Le gouvernement wallon a bouclé son ajustement budgétaire 2017 avec bonheur, vendredi un peu avant minuit. Il devait trouver un peu plus de 30 millions d’euros pour respecter le déficit annoncé de 300 millions d’euros, dans le cadre du pacte de stabilité. "Ce déficit s’explique principalement par l’évolution des paramètres macroéconomiques comme le saut d’index ou encore l’inflation", expliquait-on au cabinet du ministre-Président Paul Magnette (PS), vendredi soir. Les 30 millions d’euros ont été trouvés et le gouvernement a également dégagé 10 millions de plus pour le secteur non-marchand, pour l’année 2017. Il annonçait par la même occasion un montant de 20 millions d’euros en 2019 et 30 millions d’euros en 2020 - qui deviendront récurrents les années suivantes - en faveur de ce secteur (privé et public : hôpitaux, maisons de repos, institutions d’hébergement de personnes handicapées, aides et soins à domicile, entreprises de travail adapté…).

Le gouvernement sollicitera dans les prochaines semaines les interlocuteurs du secteur non-marchand pour qu’ils lui proposent les affectations de ces enveloppes.

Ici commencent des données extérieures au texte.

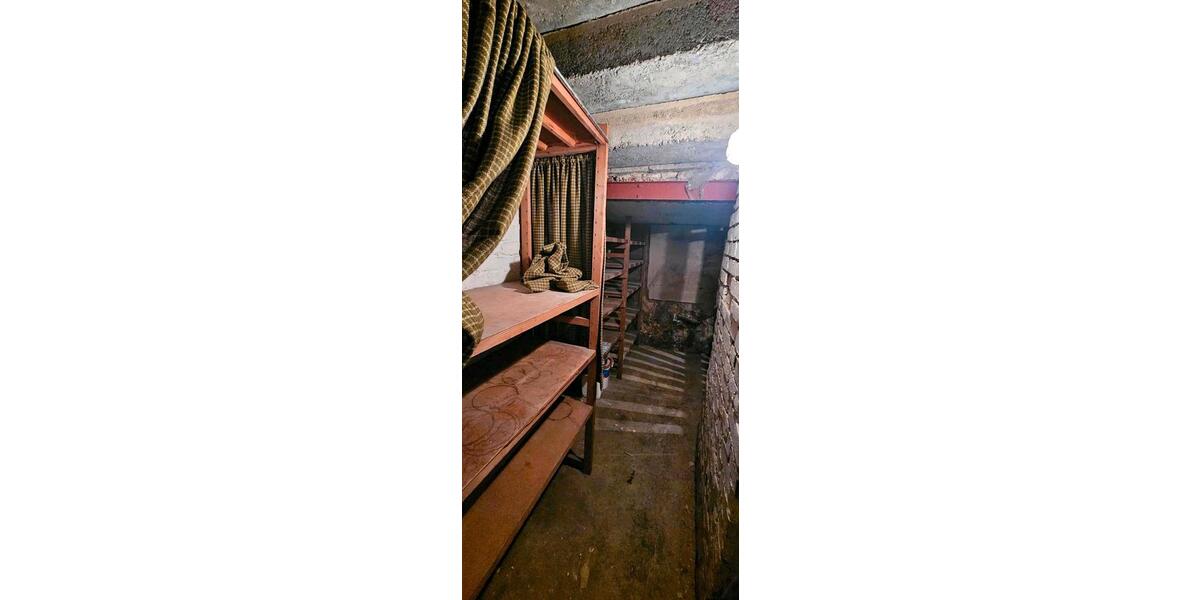 Etagenwohnung Stuttgart Stuttgart-Süd - 3 Zimmer, 80 m&sup2;, 1.500&euro; | Angebot:26415081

En attendant la réforme fiscale

Si le budget 2017 aura pu être corrigé sans réel problème, il n’est pas certain que le prochain exercice budgétaire (pour l’année 2018) soit aussi simple. Si le déficit de 300 millions doit encore être réduit pour retrouver l’équilibre dans les années qui viennent, ce dernier pourrait cependant s’alourdir. C’est du moins ce que craint le secrétaire national de la CSC, Marc Becker. En marge d’une interview donnée à "La Libre" en fin de semaine dernière ("La Libre" du vendredi 12 mai 2017), le responsable syndical s’inquiétait d’une explosion de ce déficit. "Depuis la mise en place de la loi spéciale de financement lors de la réforme de l’Etat de 2011, il y avait une garantie d’un minimum d’IPP (NdlR : impôt des personnes physiques) versé à la Wallonie chaque année. Cette garantie va disparaître en 2018 provoquant un déficit supplémentaire de 460 millions d’euros".

Marc Becker se demandait également comment le gouvernement wallon allait pouvoir mener à bien de nouveaux grands investissements avec un déficit qui se creuse encore. "Actuellement, les investissements ne sont jamais que des moyens dégagés pour boucher les trous et assurer les financements européens Feder. Donc je suis inquiet pour l’avenir puisque les choses ne vont pas s’arranger".

Le syndicaliste comme de nombreux observateurs attend donc avec impatience la réforme fiscale annoncée par le gouvernement wallon et son ministre du Budget, Christophe Lacroix (PS) qui nous assure-t-on, y travaille d’arrache-pied. Permettra-t-elle de répondre partiellement au problème de déficit en Wallonie ? Pas certain étant donné que l’on annonce déjà la suppression de la télé-redevance - qui précisons-le est en Wallonie aussi mystérieuse que le monstre du Loch Ness. Un manque à gagner qu’il faudra aussi combler pour l’argentier wallon.